There's a way to show a chef's downfall in the dish they prepared that may be slightly humorous or cleanly objective. Colicchio knows how to do this. Johnny does not. His way (like holding Megan's donut to prove that it was stuck to the dish) comes off as mocking. Between Gail's fawning and Johnny's belittling, Johnny is, to me, the worst judge in the TC franchises as well.

Anita G
Anita G

I just finished watching. What I do not understand is the challenge was to make the showpiece and each chef had to make a dessert. Orlando, did not make his dessert. Carlos and the other one (i can not remember her name) made it for him. Why was he not even spoken to about this??

Tania
Tania

You had to make the "mama" comment? Really?

Ralph-o
Ralph-o

Why do chefs maek desseerts with no chocolate when the challenge is to make something with chocolate? The successful dessert chefs used chocolate in their chocolate desserts. The unsuccessful one couldn't cube a square cube squared.

TGM122060
TGM122060

I'm confused. Wasn't each contestant supposed to make their own chocolate dessert? How did Orlando get by, with his two teammates making his dessert? He's a schmuck, and DIDN'T complete the challenge!!!!!!!

PaulainVa
PaulainVa

Johnny is, perhaps, my least favorite Top Chef judge ever.
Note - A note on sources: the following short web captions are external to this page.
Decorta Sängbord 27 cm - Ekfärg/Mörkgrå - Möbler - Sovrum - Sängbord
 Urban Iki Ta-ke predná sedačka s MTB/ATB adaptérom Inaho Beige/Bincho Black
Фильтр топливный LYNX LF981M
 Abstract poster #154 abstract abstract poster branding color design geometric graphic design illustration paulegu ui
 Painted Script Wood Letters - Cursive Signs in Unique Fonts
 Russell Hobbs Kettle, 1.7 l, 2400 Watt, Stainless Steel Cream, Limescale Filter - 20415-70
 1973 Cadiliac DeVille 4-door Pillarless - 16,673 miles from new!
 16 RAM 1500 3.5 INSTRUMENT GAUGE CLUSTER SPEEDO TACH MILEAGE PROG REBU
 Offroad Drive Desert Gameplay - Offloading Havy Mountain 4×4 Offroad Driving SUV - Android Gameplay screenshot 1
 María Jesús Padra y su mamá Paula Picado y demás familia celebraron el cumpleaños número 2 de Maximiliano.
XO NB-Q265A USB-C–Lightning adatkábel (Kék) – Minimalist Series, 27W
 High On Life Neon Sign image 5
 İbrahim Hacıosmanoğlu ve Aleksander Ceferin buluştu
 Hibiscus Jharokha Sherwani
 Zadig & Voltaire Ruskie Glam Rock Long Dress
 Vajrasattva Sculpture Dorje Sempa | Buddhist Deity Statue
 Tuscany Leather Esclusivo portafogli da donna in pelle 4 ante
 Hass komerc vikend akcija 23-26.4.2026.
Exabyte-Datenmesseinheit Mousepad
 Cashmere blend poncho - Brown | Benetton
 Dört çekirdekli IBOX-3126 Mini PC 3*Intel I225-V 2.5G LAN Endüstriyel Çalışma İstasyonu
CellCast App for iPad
In the more savory/standard cooking versions of this series I have come to expect a professional, incisive, thorough standard of judging. Even if I am shocked at the outcome, I have an understanding of what led up to it. In the Desserts show, I am usually left baffled. I don't understand anything about what was good/bad/indifferent about any of the dishes. This program leaves me with a major case of the "blahs". So sorry to say that; but, it is the truth. I am usually DYING to see the next Top Chef, and watch the blogs, critiques and videos more than once. This series leave me cold.